Metadata-Version: 2.1
Name: dask-sql
Version: 0.2.0
Summary: Dask SQL
Home-page: http://github.com/nils-braun/dask-sql/
Maintainer: Nils Braun
Maintainer-email: nilslennartbraun@gmail.com
License: MIT
Description: # dask-sql
        
        [![Conda](https://img.shields.io/conda/v/conda-forge/dask-sql)](https://anaconda.org/conda-forge/dask-sql)
        [![PyPI](https://img.shields.io/pypi/v/dask-sql?logo=pypi)](https://pypi.python.org/pypi/dask-sql/)
        [![GitHub Workflow Status](https://img.shields.io/github/workflow/status/nils-braun/dask-sql/Test?logo=github)](https://github.com/nils-braun/dask-sql/actions)
        [![Read the Docs](https://img.shields.io/readthedocs/dask-sql)](https://dask-sql.readthedocs.io/en/latest/)

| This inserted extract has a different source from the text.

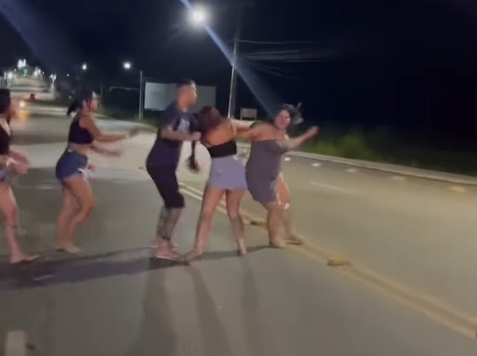 Confusão na madrugada! Veja o vídeo da briga em tabacaria de Rio Branco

        [![Codecov](https://img.shields.io/codecov/c/github/nils-braun/dask-sql?logo=codecov)](https://codecov.io/gh/nils-braun/dask-sql)
        [![GitHub](https://img.shields.io/github/license/nils-braun/dask-sql)](https://github.com/nils-braun/dask-sql/blob/main/LICENSE.txt)
        [![Binder](https://mybinder.org/badge_logo.svg)](https://mybinder.org/v2/gh/nils-braun/dask-sql-binder/main?urlpath=lab)
        
        `dask-sql` adds a SQL query layer on top of `dask`.
        This allows you to query and transform your dask dataframes using
        common SQL operations.
        
        The queries will run as normal dask operations, which can be distributed within your dask cluster.
        The goal of this project is therefore similar to what Spark SQL/Hive/Drill/... is for the Hadoop world - but with much less features (so far...).
        Some ideas for this project are coming from the very great [blazingSQL](https://github.com/BlazingDB/blazingsql) project.
        
        Read more in the [documentation](https://dask-sql.readthedocs.io/en/latest/).
        
        You can try out `dask-sql` quickly by using the docker command
        
            docker run --rm -it -p 8080:8080 nbraun/dask-sql
        
        See information in the SQL server at the end of this page.
        
        ---
        
        **NOTE**
        
        `dask-sql` is currently under development and does so far not understand all SQL commands.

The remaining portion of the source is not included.